Rapporti di lavoro

Per i lavori agricoli comunicazione voucher semplificata

di Alberto Bosco e Josef Tschöll

Anche per le attività da svolgere nei campi e tra i filari sono ammesse le prestazioni di lavoro accessorio: in questo settore, infatti, forse più che in altri, vi è la necessità di fare ricorso a manodopera “esterna” che non avrebbe senso impiegare per periodi prolungati di tempo.

Basti pensare ai raccolti o alla necessità di occupare contemporaneamente molte persone per la vendemmia delle uve da vino.

Il legislatore consente dunque il ricorso alle attività di lavoro accessorio, e quindi al sistema dei voucher – con i limiti economici (tetti netti) previsti per la generalità dei casi – anzitutto con riferimento alle attività lavorative di natura occasionale rese nell’ambito delle attività agricole di carattere stagionale effettuate da pensionati e da giovani con meno di 25 anni di età, se iscritti a un ciclo di studi presso un istituto scolastico di qualsiasi ordine e grado, compatibilmente con gli impegni scolastici, o in qualunque periodo dell’anno, se regolarmente iscritti a un ciclo di studi presso l'università.

In relazione agli studenti, l’Inps ha precisato che i “periodi di vacanza”, sono i seguenti:

• “vacanze natalizie”: dal 1° dicembre al 10 gennaio;

• “vacanze pasquali“: dalla domenica delle Palme al martedì successivo il lunedì dell’Angelo;

• “vacanze estive” : dal 1° giugno al 30 settembre.

In generale, gli studenti possono essere impiegati il sabato e la domenica, mentre gli universitari con meno di 25 anni di età possono svolgere lavoro occasionale in ogni periodo dell'anno. In agricoltura, inoltre, il lavoro accessorio è ammesso con riguardo alle attività a favore dei soggetti ex articolo 34, comma 6, del Dpr 26 ottobre 1972, n. 633 (si tratta dei produttori agricoli con volume d’affari non superiore a 7.000 euro), che non possono, tuttavia, essere svolte da coloro che l’anno precedente erano iscritti negli elenchi anagrafici dei lavoratori agricoli.

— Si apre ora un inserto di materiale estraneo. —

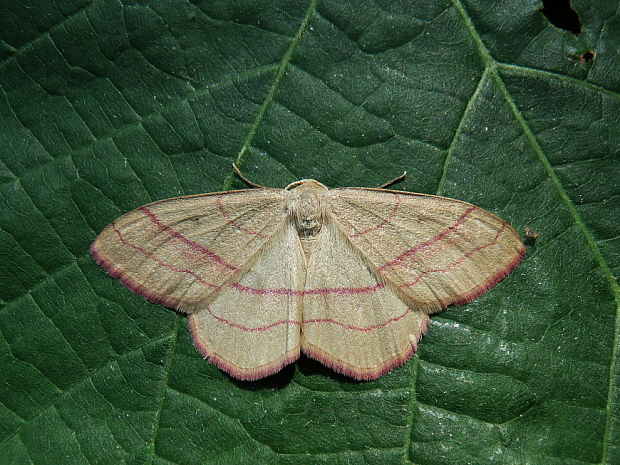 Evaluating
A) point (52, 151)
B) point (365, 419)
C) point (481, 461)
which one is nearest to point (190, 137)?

Altra particolarità è quella contenuta nell’articolo 49, comma 2, del Dlgs 81/2015, il quale dispone che, fatte salve le prestazioni rese nel settore agricolo, il valore nominale del buono orario è fissato in 10 euro e nel settore agricolo esso è pari all’importo della retribuzione oraria delle prestazioni di natura subordinata individuata dal contratto collettivo stipulato dalle associazioni sindacali comparativamente più rappresentative sul piano nazionale.

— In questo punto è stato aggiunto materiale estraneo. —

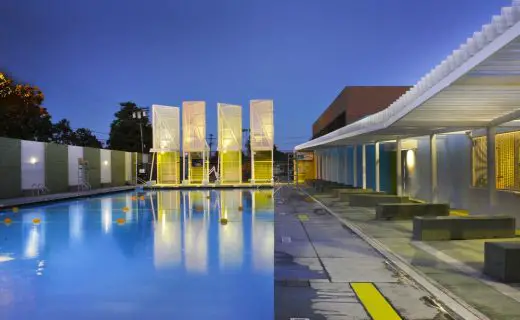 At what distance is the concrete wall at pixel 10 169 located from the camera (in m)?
23.2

Ma, anche in questo caso, la novità più rilevante è costituita dalla modifica introdotta con il decreto correttivo del Jobs act (Dlgs 185/2016), il quale, all’articolo 49, comma 3, dispone che i committenti imprenditori agricoli sono tenuti a comunicare, almeno 60 minuti prima dell’inizio della prestazione, tramite e-mail (per ora, non è stata attivata la comunicazione a mezzo sms), i dati anagrafici o il codice fiscale del lavoratore, il luogo e la durata della prestazione (non l’ora di inizio e di fine), con riferimento a un arco temporale non superiore a tre giorni. Nella Faq n. 2 il Ministero ha ribadito che la comunicazione per i committenti agricoli è in parte diversa: può essere fatta con riferimento a un arco temporale fino a tre giorni e non occorre indicare gli orari di inizio e fine dell’attività.

Anche in agricoltura occorre anzitutto procedere alla registrazione del committente e del lavoratore all’Inps, e solo in seguito è possibile acquistare i voucher. In caso di mancato rispetto della procedura Inps e di omissione della comunicazione (almeno 60 minuti prima) si applica la maxi-sanzione per lavoro nero. Invece, se la procedura Inps è stata regolarmente eseguita ma manca la comunicazione all’Ispettorato del lavoro (o questa è fatta in ritardo), si applica la sanzione amministrativa da 400 a 2.400 euro in relazione a ciascun lavoratore per cui è stata omessa la comunicazione.

Infine, l’Inps (si veda in proposito la circolare 170/2015) ha precisato che il diritto di cumulo dell’indennità di disoccupazione agricola con il reddito da lavoro accessorio svolto nell’anno di riferimento della prestazione è possibile nel limite massimo annuo di 3.000 euro netti di compenso, rivalutati sulla base della variazione dell’indice Istat.